By: Kaylea Groover
Two Algonquin professors and six students from the college will travel with Habitat for Humanity to Nicaragua this November to help build houses and bring water to a community in need.
The group will consist of 42 people including Algonquin’s professor and external coordinator of interior design Dana Tapak and her husband Al, interior design students Atena Mirshahi, Hannah Munroe, Kaitlyn Hay and Nicole Veenema, construction professor Michael Nauth and two of his apprentices.
Habitat for Humanity began in Ottawa in 1994 and has built homes locally as well as all over the world through the division called Global Village. This year, the non-profit organization will travel south Nov. 2 to Nov. 12 to La Gallina, Nicaragua to build one or two homes, install Eco-toilets and provide running water to as many homes as possible.
The Department of Interior Design at Algonquin has provided each of the four interior design students with $1,250 – half of the $2,300 it requires to make the trip this year.
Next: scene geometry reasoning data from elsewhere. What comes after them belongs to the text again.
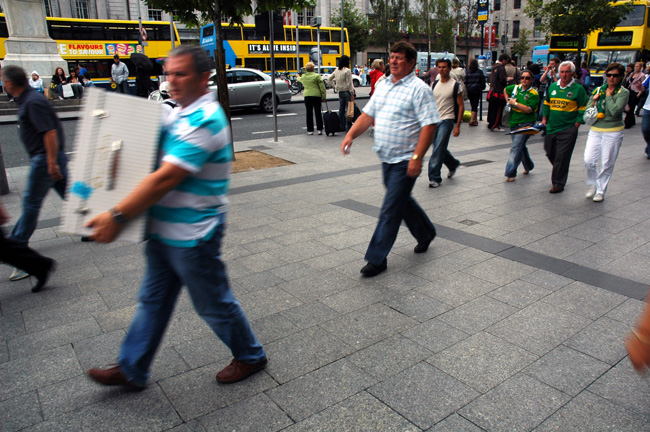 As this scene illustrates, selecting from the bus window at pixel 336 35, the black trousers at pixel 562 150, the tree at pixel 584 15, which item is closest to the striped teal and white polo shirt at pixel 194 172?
the black trousers at pixel 562 150

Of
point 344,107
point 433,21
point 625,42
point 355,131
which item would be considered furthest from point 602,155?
point 433,21

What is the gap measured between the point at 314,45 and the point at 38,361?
35273 mm

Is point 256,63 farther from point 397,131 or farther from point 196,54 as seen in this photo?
point 196,54

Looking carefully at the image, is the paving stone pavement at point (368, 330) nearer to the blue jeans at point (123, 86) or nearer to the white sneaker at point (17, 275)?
the white sneaker at point (17, 275)

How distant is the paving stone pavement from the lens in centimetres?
250

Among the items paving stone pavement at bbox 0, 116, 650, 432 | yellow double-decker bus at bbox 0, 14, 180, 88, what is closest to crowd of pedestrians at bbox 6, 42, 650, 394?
paving stone pavement at bbox 0, 116, 650, 432

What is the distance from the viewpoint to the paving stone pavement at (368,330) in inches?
98.6

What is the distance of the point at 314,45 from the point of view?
118 feet

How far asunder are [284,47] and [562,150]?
→ 2899cm

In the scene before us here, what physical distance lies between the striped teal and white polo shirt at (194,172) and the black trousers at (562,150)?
18.6 feet

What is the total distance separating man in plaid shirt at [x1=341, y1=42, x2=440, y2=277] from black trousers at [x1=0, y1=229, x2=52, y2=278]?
249 centimetres

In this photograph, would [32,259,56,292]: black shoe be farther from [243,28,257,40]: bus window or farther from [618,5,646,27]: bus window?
[243,28,257,40]: bus window

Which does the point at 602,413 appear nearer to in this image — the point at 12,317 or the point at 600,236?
the point at 600,236

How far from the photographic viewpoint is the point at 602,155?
21.1 ft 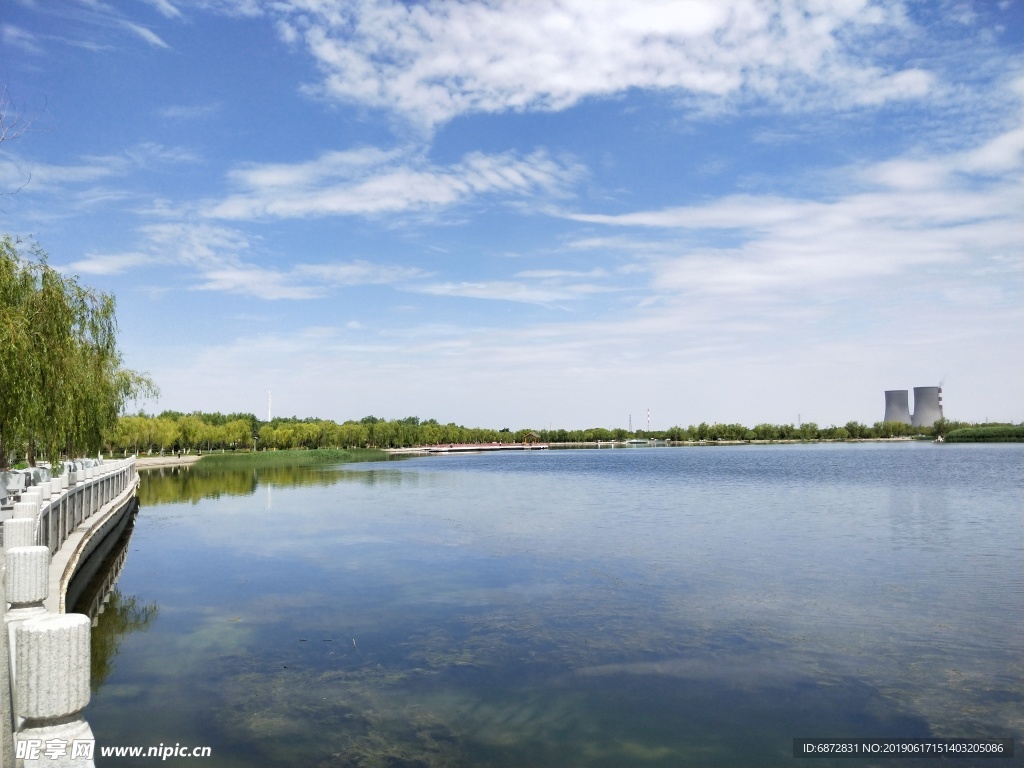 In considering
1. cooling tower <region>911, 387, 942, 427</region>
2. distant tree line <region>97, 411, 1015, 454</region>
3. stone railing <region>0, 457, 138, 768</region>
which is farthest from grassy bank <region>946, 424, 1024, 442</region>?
stone railing <region>0, 457, 138, 768</region>

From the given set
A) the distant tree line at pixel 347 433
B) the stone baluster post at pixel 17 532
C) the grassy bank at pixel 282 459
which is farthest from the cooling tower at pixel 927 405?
the stone baluster post at pixel 17 532

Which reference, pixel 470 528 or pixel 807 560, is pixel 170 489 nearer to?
pixel 470 528

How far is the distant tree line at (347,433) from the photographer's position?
86169mm

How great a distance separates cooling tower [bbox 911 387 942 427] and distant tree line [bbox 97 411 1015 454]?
15.0m

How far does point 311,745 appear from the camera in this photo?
8.50 m

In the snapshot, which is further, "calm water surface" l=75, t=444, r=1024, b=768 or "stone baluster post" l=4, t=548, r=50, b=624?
"calm water surface" l=75, t=444, r=1024, b=768

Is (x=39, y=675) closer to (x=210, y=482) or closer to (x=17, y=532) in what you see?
(x=17, y=532)

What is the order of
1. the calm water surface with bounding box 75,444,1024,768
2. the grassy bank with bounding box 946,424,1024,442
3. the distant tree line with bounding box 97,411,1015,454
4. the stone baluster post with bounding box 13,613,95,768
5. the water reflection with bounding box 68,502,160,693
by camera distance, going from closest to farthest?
the stone baluster post with bounding box 13,613,95,768, the calm water surface with bounding box 75,444,1024,768, the water reflection with bounding box 68,502,160,693, the distant tree line with bounding box 97,411,1015,454, the grassy bank with bounding box 946,424,1024,442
Dana Tapak hopes that this trip will open up educational opportunities for future interior design students.
“The intention is that we’re going to move towards this being a course in our program, in the interior design program, a third-year elective,” said Tapak. “Part of the course would be that [the students] research the country they would be going to that year and then participate in the build and then come back and report it.”
Construction professor, Michael Nauth has been with Habitat for Humanity since 1994. He fundraised for this year’s trip by using the Canada Helps website to set up a donation page, raising $1,300 in three days to help his students afford the trip. Nauth, who is originally from a Third World country, believe the trip is great for everyone, especially young people, to see what is happening in the rest of the world.
Tapak’s husband Al, who is an Ottawa firefighter generated funds by teaching first aid courses on weekends and raised close to $1,800. The interior design students have also had bake sales to fundraise the rest of the money they will need.
Al, who was a military medic for 21 years and spent time in Rwanda during the genocide, says the trip for him is personal.
“One of the things I came to realize over a long period of time and life lessons is that I wanted to help people and I wanted to get back to a Third World country to see if I can make a difference on my own,” said Al. “I’m going down there for selfish reasons, you want to help people but it kind of makes you feel good at the same time.”
The students and professors will be continuing to raise money for the trip around campus and throughout the community.